I’m sure that if you search the web you’ll find lots on this topic with everyone having their own specific definition of what Financial Freedom is. The basic meaning however will always be the same.

Financial Freedom is when you have enough money to live without needing to actively work each day. (There will always be some level of work in order to manage your finances and investments).

Imagine quitting your job and having enough money to live for the rest of your live! Did you read about how to measure your wealth? Well financial freedom is the ultimate goal.

 

A new way to measure your wealth

mansionMost people measure their wealth by looking at the value of their house and cars and other things they have. They see value and wealth in their “stuff”. Of course, you can include the value of your pension fund and other investments you have. This is definitely a valid way to measure your wealth (provided of course that the assets you’re taking into account are actually paid off), but I’d like to propose a new way to measure and track your wealth.

It all comes down to one simple question. How many months could you survive without a job? Another way to look at it is to remember that you could be retrenched or fired very easily – whenever your current employer decides that they no longer need you. How long can you survive without any income?

How to calculate this?

Firstly, you need to know what you monthly living expenses are. For this you need a budget. You can manipulate your budget a little as not having a job would definitely cause you to priorities your spending and you would almost certainly immediately stop all frivolous spending. Don’t forget about your debts as you would still need to be paying these! So know how much you need each month to service debts and survive?

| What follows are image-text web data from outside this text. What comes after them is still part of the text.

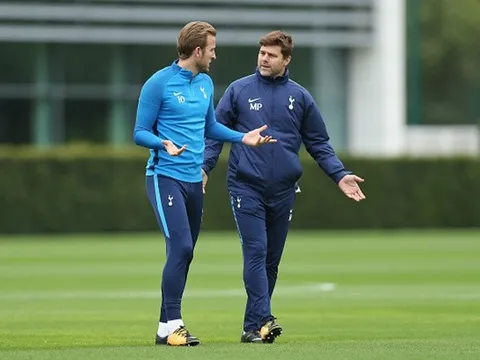 Sao Tottenham chăm chú nghe chỉ thị của Pochettino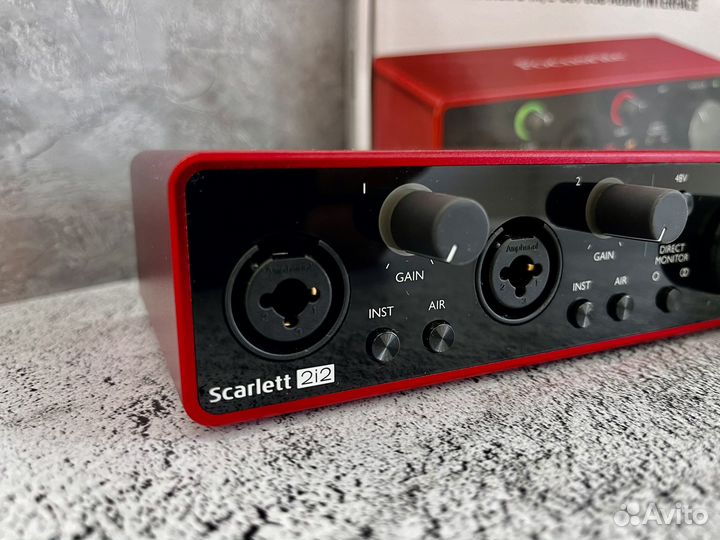 Звуковая карта Focusrite Scarlett 2i2 3rd gen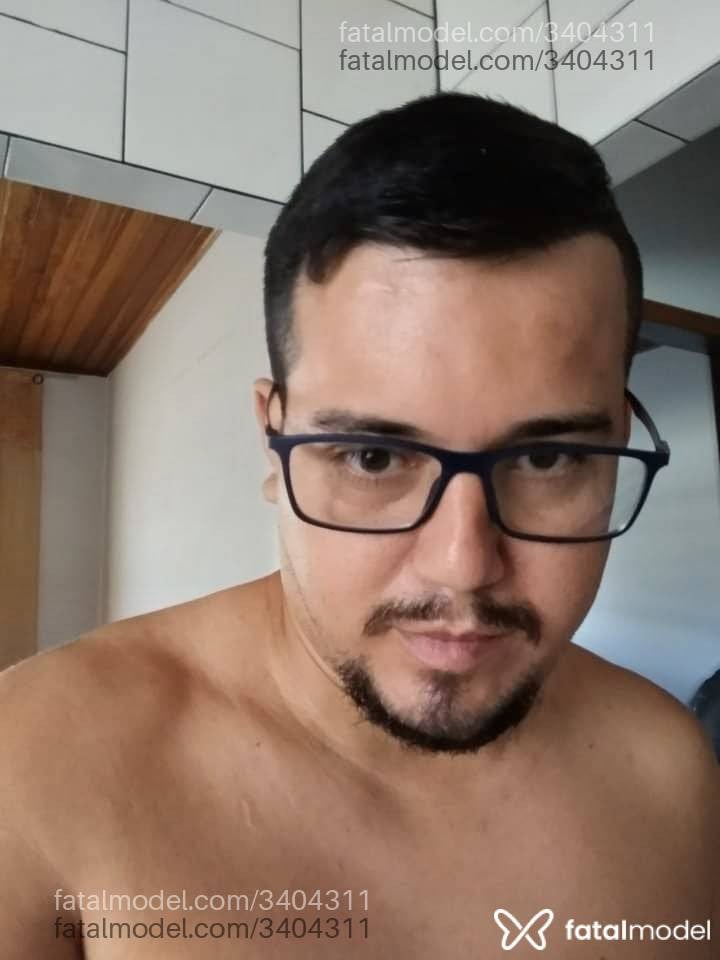 Acompanhante homem morena (o) de olhos castanhos em Sinop - Robson Santos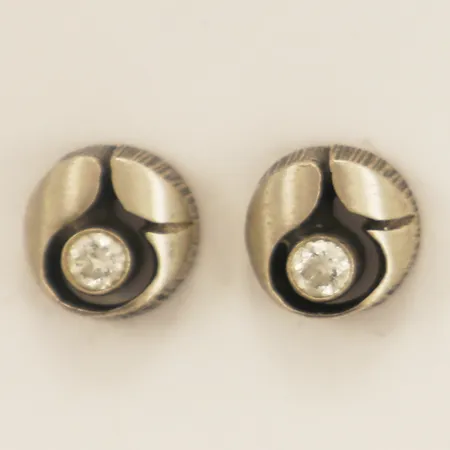Ett par örhängen med bergkristall Karl Laine Finnfeeling längd 8,6mm bredd 8,5mm 925/1000 silver Vikt: 1,9 g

Then, how much money do you have available? Think of any savings you have, or money that you could access. Only take into account money that is actually your own. By this I mean that you could possibly access a lot of money from your home-loan, or you could take a personal loan; but that is simply debt. How much money do you have that is your money and that you can access now? Some retirement and pension funds have rules about what age you can access the money at, so think about your situation right now. Don’t forget any other income you may have that would not be affected, such as rental, commission, royalties, etc (At this point we’re not looking at selling assets in order to survive, rather just look at cash and investments)

 

This excise could help you to relieve some stress if you see that you would actually survive many months without your income, but at the same time this could highlight to you if your finances are in a terrible state. Perhaps you won’t be able to survive even just one month.

When you lose your income, it doesn’t really matter what house you live in, what car you drive or how many diamond rings you have. These things can’t find you food on a day-to-day basis. Having lots of debt makes the situation worse and you could really end up in an awful situation!

The results:

Whatever stage you may be at, set yourself a goal to improve your situation.

0 months  –  This should be a HUGE WARNING sign to you to take charge of your financial situation immediately!

1 – 3 months – You are not in a great situation, but there is a little leeway should something happen regarding your income. Your situation is definitely not good.

4 – 6 months – You are probably better off than most people but don’t feel too comfortable here as things are still not great. You would most probably survive a job loss as you have some time to find a new job, but it would be a stressful situation!

6 – 12 months – If you are in this bracket then you should feel some relief that you could survive some tough financial circumstances. You are in a good position but don’t think about early retirement or that year of travel yet.

More than 12 months – well done, you are on your way to financial freedom! Don’t forget to keep checking your situation regularly and set goals towards the ultimate goal of Financial Freedom.